Participating in a special debate in the Lok Sabha on the unrest in
the Kashmir Valley,
Abdullah also said that most Kashmiris were in favour of a solution
within India, and not in Pakistan.
Abdullah, who heads the state's ruling National Conference party,
said: "Kashmir has not acceded to India by force... It chose to
become a part of India belonging to Gandhi and Nehru."
Most Kashmiris", he said, "want to find a solution to the problems
within India. We want to find a solution to the problem within
India, not in Pakistan, China or in America".

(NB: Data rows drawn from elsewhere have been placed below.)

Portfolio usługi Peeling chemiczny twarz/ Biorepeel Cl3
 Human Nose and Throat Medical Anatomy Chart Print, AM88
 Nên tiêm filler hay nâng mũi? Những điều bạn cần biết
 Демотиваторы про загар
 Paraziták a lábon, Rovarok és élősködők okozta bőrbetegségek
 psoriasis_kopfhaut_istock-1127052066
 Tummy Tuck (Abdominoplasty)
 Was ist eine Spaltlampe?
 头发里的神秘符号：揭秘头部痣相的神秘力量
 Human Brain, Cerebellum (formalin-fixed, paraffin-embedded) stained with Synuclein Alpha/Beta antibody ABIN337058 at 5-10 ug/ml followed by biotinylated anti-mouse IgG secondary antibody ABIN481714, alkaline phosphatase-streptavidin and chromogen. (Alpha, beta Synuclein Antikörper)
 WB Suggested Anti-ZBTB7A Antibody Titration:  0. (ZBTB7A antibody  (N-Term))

He said autonomy was the only solution to the issue and said those
in Kashmir demanding independence had not realised the consequences
of it.
"Kashmir too faces a threat from Taliban elements and a situation
similar to Afghanistan and Pakistan will arise in the state too (if
independence is granted). We have three nuclear powers surrounding
us. Can we be safe in that surrounding if Kashmir is to be given 'azadi',"
Abdullah said.
The union minister said he was surprised none of the MPs in the
debate spoke about the parts of Jammu and Kashmir under Pakistani
and Chinese control.
"Today, I am surprised that nobody has talked about Kashmir under
Pakistan occupation which they call Azad Kashmir, nobody talked
about Northern Areas of Gilgit Baltistan and Skardu, nobody talked
about the territory Pakistan gave away to China," Abdullah said.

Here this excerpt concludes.